Nairobi was buzzing this week when Nedbank Chief Executive Jason Quinn landed in town with one mission — defend a jaw-dropping deal.
The South African banking giant has tabled about $855 million (Shs3.01 trillion) for a 66 percent stake in NCBA Group, valuing one of East Africa’s biggest banks at roughly 1.4 times book value. In a market where recent deals have hovered closer to book value — or even below — this is no small gamble.
Banking insiders immediately asked: Why pay that premium?
Before news of the bid leaked, NCBA shares had been trading for much of late 2025 below Ksh85, sometimes drifting between Ksh78 and Ksh80 — levels hugging book value. Even after a rally to around Ksh88–90 this month, the stock was only about 1.2 times book.
With a book value per share of roughly Ksh72.91, Nedbank’s offer implies a price near Ksh102 per share — a clear premium to where the market had priced the bank.

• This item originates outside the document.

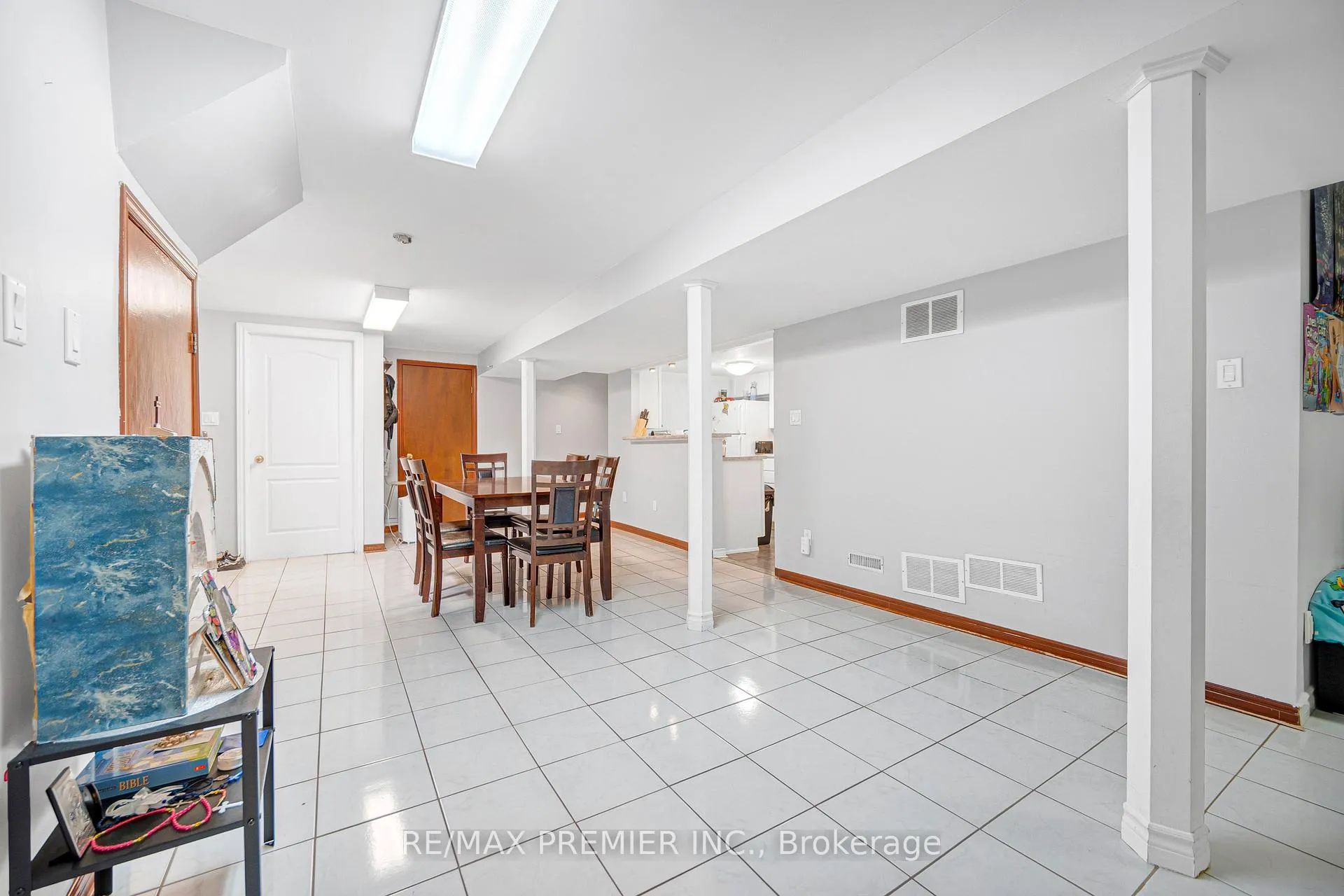 Photo 5 of Unit Bsmt, 23 Kaiser Drive, Vaughan, West Woodbridge — HOMEH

To put it in perspective, Access Bank’s acquisition of National Bank of Kenya was reported at about 1.25 times book. A consortium’s purchase of 39 percent of Sidian Bank came in at roughly 0.95 times. Equity Group’s takeover of Rwanda’s Cogebanque was priced near 1.26 times. Nedbank’s bid? Sitting at the top end.
But Quinn is unapologetic.
“Value is in the eye of the beholder,” he told NTV Kenya. “Control carries a premium.”

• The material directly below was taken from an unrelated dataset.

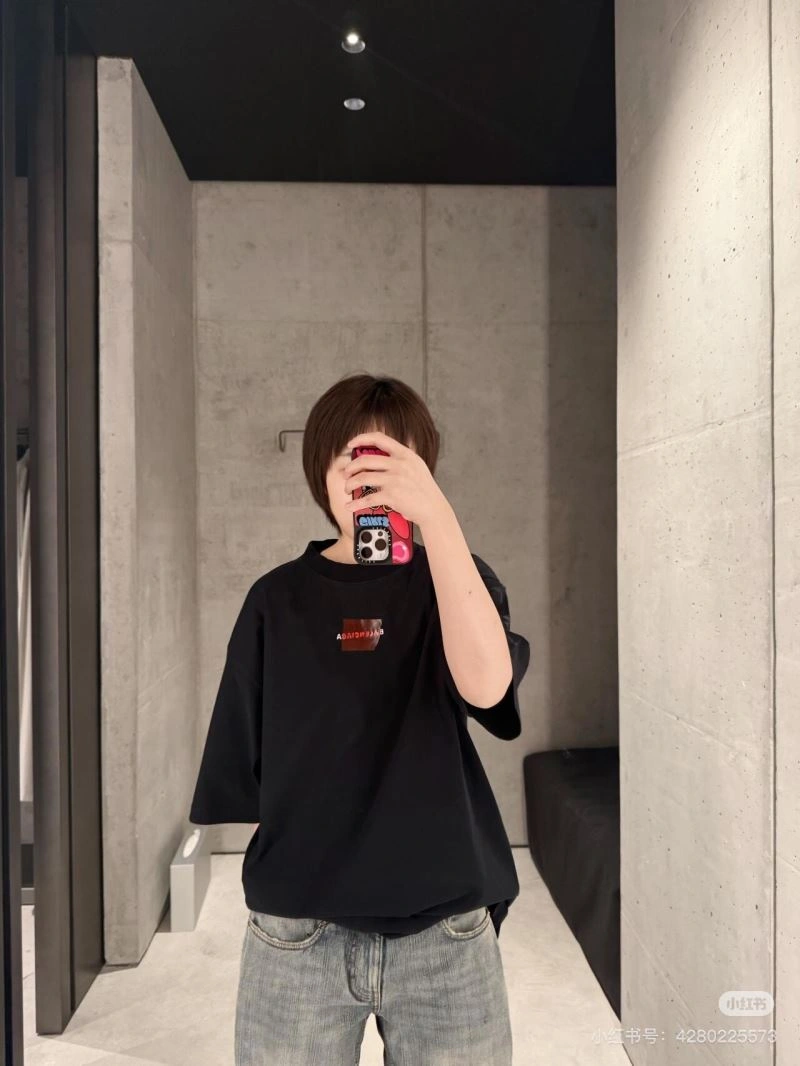 FreshLook Balenciaga T-Shirts 98255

And control is exactly what he wants.
Nedbank recently agreed to sell its 21.2 percent stake in Ecobank Transnational for $100 million, admitting it was hard to influence strategy as a minority shareholder. “It’s quite hard to influence strategy with such a small stake,” Quinn said bluntly.
Lesson learned.
This time, Nedbank is going big — 66 percent big — to ensure it calls the shots.

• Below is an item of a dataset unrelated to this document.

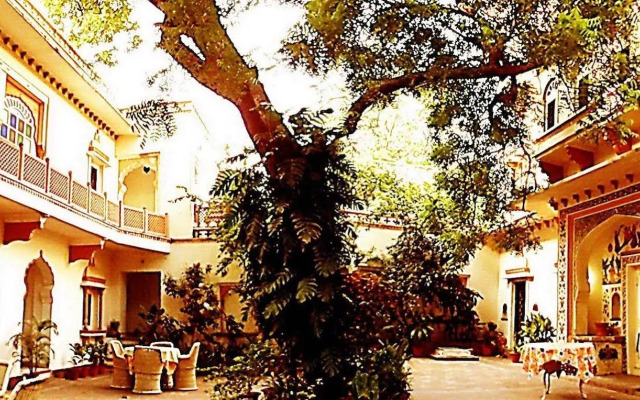 Palkiya Haveli - A Heritage Home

NCBA Chief Executive John Gachora doesn’t think 1.4 times book is excessive. “I wouldn’t say it’s high,” he fired back. “I would say that we are a premium institution.”
The structure of the deal is just as bold as the price tag. It is split 20 percent cash and 80 percent new Nedbank shares listed on the Johannesburg Stock Exchange, while the remaining 34 percent of NCBA will continue trading on the Nairobi Securities Exchange.
That means NCBA shareholders get exposure to a highly liquid South African stock while still keeping a Kenyan listing. Minority investors who would receive fewer than 200 Nedbank shares — roughly equivalent to 5,000 NCBA shares — will be paid in cash to avoid the headache of opening South African brokerage accounts.
But here’s the real jackpot — digital money.
NCBA is not your traditional brick-and-mortar lender. In 2024 alone, it disbursed Ksh1 trillion in digital loans, up 23 percent year-on-year, serving more than 60 million customers across platforms like Fuliza and M-Shwari. Few Kenyan banks originate small-ticket digital loans at that scale.
“When you see technologies that are scalable, price-to-book is not always the best determinant of value,” Quinn argued.
Translation? Nedbank believes NCBA’s tech engine is worth the premium.
If those digital capabilities can be replicated beyond Kenya — into South Africa and other markets — today’s book value could look like a bargain tomorrow.
The marriage is being sold as complementary. Gachora describes it as a two-way street: NCBA brings digital firepower, while Nedbank adds muscle in corporate and investment banking, property finance, and asset finance — areas where South Africa is more mature.
Then there’s the dividend story.
For 2024, NCBA paid Ksh5.5 per share, up 15.8 percent year-on-year. That amounted to about Ksh9 billion from profit after tax of Ksh21.9 billion. At pre-deal prices of Ksh85–90, that translated into a dividend yield between 6 and 6.5 percent — competitive among tier-one Kenyan banks.
That steady payout strengthens Quinn’s pitch that he is not just buying growth — he is buying dependable cash flow.
A dividend parity clause in the deal ensures no shareholder double-dips or loses out during the transaction window.
Timing is also key.
Kenya’s banking sector is heading into consolidation after the Business Laws (Amendment) Act, 2024 raised minimum core capital requirements from Ksh1 billion to Ksh10 billion by 2029. Ratings agency Fitch Ratings has already warned tougher capital rules could accelerate mergers and acquisitions.
Nedbank is not waiting around.
Instead of tiptoeing into East Africa, it is buying instant scale in a market with strong demographics and a strategic trade corridor linking Africa to the Middle East and Asia.
Quinn believes global trade flows are “shifting east,” with India and China driving faster growth across Eastern and Southern Africa.
For NCBA, the deal answers a long-standing expansion question. Gachora says access to Nedbank’s capital pool will accelerate regional growth, including into Central Africa.
So why is Nedbank paying a premium?
Because it is not just buying a bank at 1.4 times book.
It is buying control. It is buying technology. It is buying dividends. It is buying timing.
And in the high-stakes game of African banking consolidation, sometimes the boldest bidder wins.